Southern section: Sinkyone Sampler: Day hike in the Sinkyone Wilderness State Park - Orchard Camp to Wheeler Beach
loquacious means very talkative or full of trivial conversation. The Pacific Ocean talks incessantly, yet makes more sense than a gaggle of tea baggers talking about their support of class warfare.
Solastalgia describes a palpable sense of dislocation and loss that people feel when they perceive changes to their local environment as harmful. It’s a neologism created by Glenn Albrecht, an environmental philosopher at the University of Newcastle’s School of Environmental and Life Sciences. It's from the Latin salacium (comfort) and the Greek algia (pain).
Soliphilia: “the love of and responsibility for a place, bioregion, planet and the unity of interrelated interests within it.” Soliphilia is associated with positivity, interconnectedness and personal empowerment. If we can make our psychological defense against solastalgia into the positive manifestation of soliphilia, then we can definitely improve the interplay between human beings and their environment for generations to come.

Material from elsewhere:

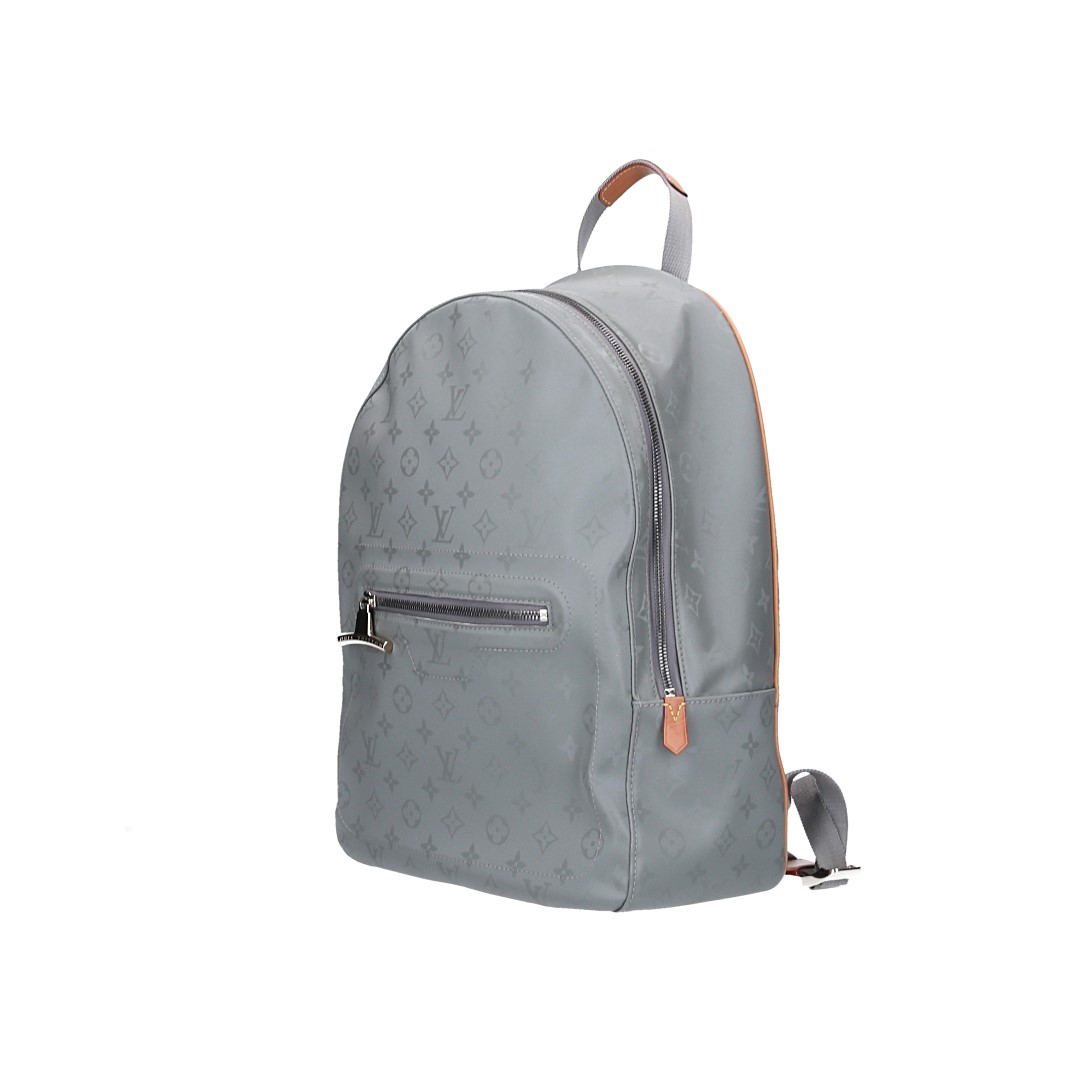 49319_Louis-Vuitton_Discovery_Monogram_2D_0003 LOUIS VUITTON BACKPACK PM RUCKSACK AUS MONOGRAM TITANIUM (M43882)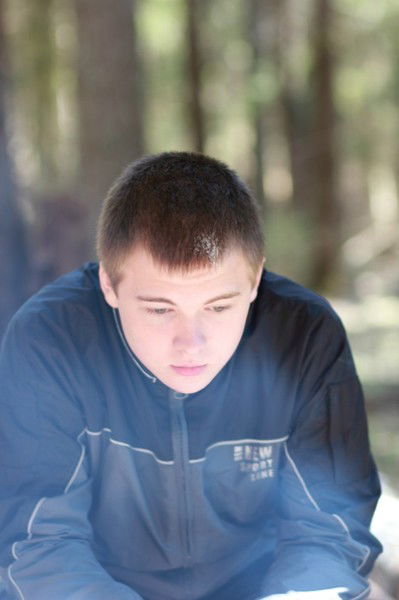 Михаил Смирнов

Prelim: I perform a lazy clean-up from the bike tour and then, it's time to go again. I drive to Smog Lake for a quick Bob and Doris visit, then on to Idaho Falls for a couple of days of Mother stuff, then back to Smog Lake, then Bob Grant and I are on the road to California. Our first night is spent at Boca Campground, and we reach the cabin at Lost Coast (LC) Adventure Tours, near Whale Gulch, the next evening. LC Tours will provide not only the solar-powered cabin, but also a shuttle and good information.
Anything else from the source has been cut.